As maiores facilidades de viajar pelos rios, de trem e por estradas cada vez melhores, abertura de novas frentes de colonização no Norte e Noroeste do Estado do Rio Grande do Sul e no Centro-Oeste de Santa Catarina, o contato mais seguido com a capital e outras cidade do interior, vieram completar o que na escola os professores ensinavam pelos livros e pelo mapas. E, na década de 1930, é possível encontrar o personagem resultante desse processo evolutivo, em toda a extensão das áreas colonizadas por alemães e seus descendentes. Ficou conhecido como o “teuto-brasileiro”. Teuto porque em suas veias circulava o sangue germânico; porque cultivava com carinho e veneração as tradições culturais herdadas dos seus antepassados e porque continuava a falar a língua materna alemã; teuto porque da religião e da sua prática fazia um dever sagrado. Brasileiro porque nascera no território deste grande pais; brasileiro porque como tal fora registrado e se assumia. Mas brasileiro principalmente porque se engajara com entusiasmo e com toda a obstinação do camponês, na edificação da nacionalidade. Brasileiro, enfim, porque como tal se assumira para o que desse e viesse. E não se trata de afirmação retórica. A Segunda Guerra Mundial e os anos que se seguiram o demonstraram com fartura. Como qualquer outro brasileiro, os filhos das colônias alemãs foram convocados para lutar contra a Alemanha na frente de combate na Itália e como qualquer outro brasileiro não se recusaram. Logo após a guerra e a retomada da democracia, esses teuto-brasileiros filiaram-se aos mais diversos partidos políticos, candidataram-se a cargos eletivos em igualdade de condições com os cidadãos de outras origens étnicas. Traindo-se não poucas vezes pelo forte sotaque característico, foram batalhar pela modernização do Pais.

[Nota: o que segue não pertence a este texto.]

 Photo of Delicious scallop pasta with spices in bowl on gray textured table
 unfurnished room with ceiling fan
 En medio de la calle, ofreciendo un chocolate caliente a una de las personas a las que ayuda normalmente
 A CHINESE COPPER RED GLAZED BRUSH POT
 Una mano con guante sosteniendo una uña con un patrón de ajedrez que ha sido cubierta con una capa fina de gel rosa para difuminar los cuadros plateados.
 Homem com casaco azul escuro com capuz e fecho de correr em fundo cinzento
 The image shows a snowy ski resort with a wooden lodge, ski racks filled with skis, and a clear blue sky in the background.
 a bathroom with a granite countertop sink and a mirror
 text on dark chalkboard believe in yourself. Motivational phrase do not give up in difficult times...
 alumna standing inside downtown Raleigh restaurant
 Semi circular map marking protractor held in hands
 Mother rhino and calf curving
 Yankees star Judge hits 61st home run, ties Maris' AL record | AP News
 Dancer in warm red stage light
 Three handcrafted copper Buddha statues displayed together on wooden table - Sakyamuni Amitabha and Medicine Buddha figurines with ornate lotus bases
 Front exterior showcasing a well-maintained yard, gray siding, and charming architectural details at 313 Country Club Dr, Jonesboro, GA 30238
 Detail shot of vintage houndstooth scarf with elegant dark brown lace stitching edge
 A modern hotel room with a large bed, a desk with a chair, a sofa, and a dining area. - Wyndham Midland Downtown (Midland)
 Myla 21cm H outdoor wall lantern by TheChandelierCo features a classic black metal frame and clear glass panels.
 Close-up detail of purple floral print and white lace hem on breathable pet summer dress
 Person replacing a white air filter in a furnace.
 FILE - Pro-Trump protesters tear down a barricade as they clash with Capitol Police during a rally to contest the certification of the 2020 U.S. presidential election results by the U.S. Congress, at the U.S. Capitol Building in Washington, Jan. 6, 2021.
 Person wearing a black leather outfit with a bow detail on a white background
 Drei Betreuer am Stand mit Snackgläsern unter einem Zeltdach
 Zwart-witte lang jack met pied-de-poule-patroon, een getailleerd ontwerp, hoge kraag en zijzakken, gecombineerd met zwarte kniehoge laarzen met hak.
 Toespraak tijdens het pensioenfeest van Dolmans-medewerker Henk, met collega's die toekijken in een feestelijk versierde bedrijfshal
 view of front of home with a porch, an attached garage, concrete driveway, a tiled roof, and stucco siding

O que ocorreu no plano político aconteceu também no setor empresarial, comercial, industrial e administrativo. O posto mais alto da nação já foi ocupado por um teuto-brasileiro, oriundo de uma comunidade, ainda hoje das mais típicas do vale do Taquari. As forças armadas contam em suas fileiras com centenas de oficiais de todas as patentes cujas origens remontam às colônias alemãs do sul. Resumindo-se pode-se dizer que o teuto-brasileiro é o cidadão brasileiro assumido sem restrições como tal e ao mesmo tempo continua falando alemão ou algum dialeto e continua, principalmente, cultivando suas tradições.